Mr Mark Barnes, QC and Mr Kenneth Maclean for the plaintiff; Mr Richard Aikens, QC and Mr Steven Berry for the defendants.
MR JUSTICE HOBHOUSE said that the contract was for the defendants to supply a plant to the Kuwait Ministry of Electricity and Water. An advance payment guarantee was issued by the plaintiff bank to the ministry and a letter of counter-indemnity was given by the defendants to the plaintiffs in consideration of the plaintiffs issuing the guarantee. The supply contract was governed by the law of Kuwait.
But by a governing law and jurisdiction clause the indemnity was to be governed by English law and the parties agreed to submit to the jurisdiction of the High Court in England.
The advance payment guarantee was issued to the ministry on March 22, 1989 at the request of the defendants.
In August 1990 Iraq invaded Kuwait.
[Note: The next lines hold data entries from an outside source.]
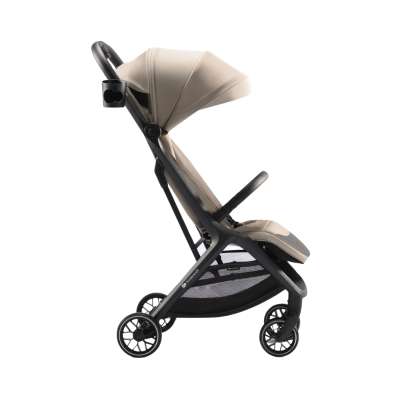 Carrinho de bebé bege com estrutura preta e rodas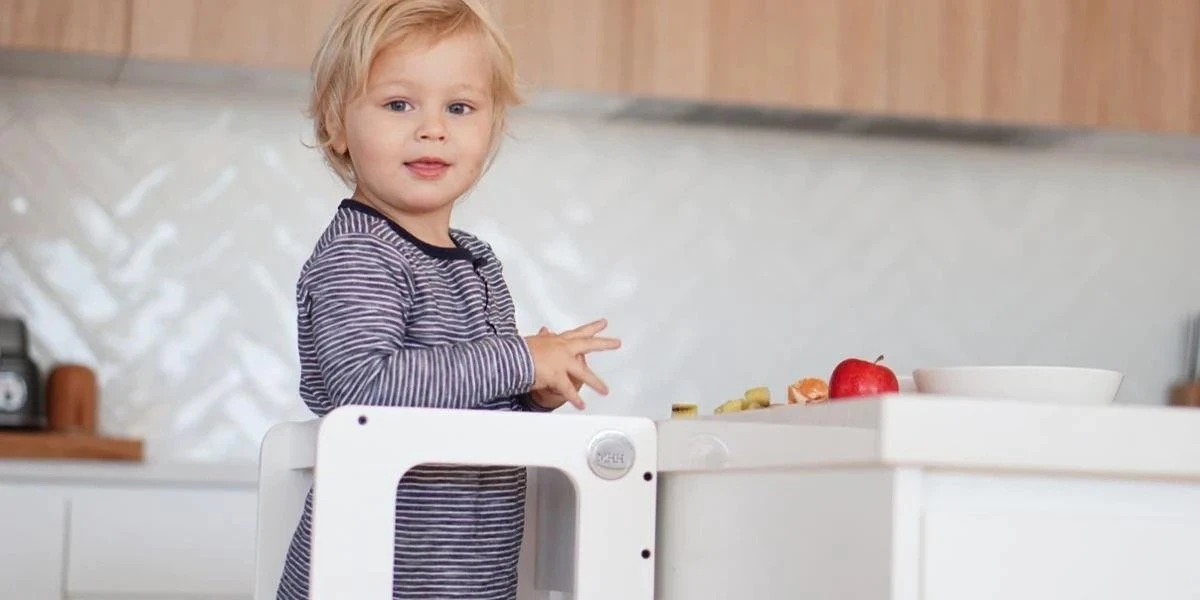 TAVOLO Ll – Convertible Learning Tower| Varnished Birch And White| White| White And Walnut| New Grey! 3 TAVOLO Ll – Convertible Learning Tower| Varnished Birch And White| White| White And Walnut| New Grey! - Image 3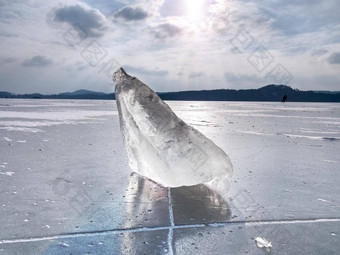 冰山一块雪浮冰浮动开放海洋粉红色的日落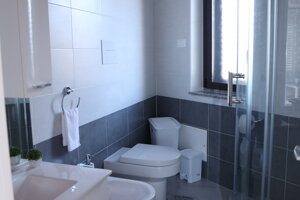 Bagno completo e luminoso in Appartamento Sole Portopalo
In January 1991 the government of Kuwait, presumably in exile, adopted a resolution by which public works contracts with the government were declared void and automatically terminated with retrospective effect from August 2, 1990.
A letter from the defendants to the plaintiffs on April 28, 1992, if the counter-indemnity had not ceased to be valid and effective, represented a clear repudiation by the defendants of their liabilities.
The sums involved, together with other similar guarantees, amounted to the equivalent of #172 million. The defendants said...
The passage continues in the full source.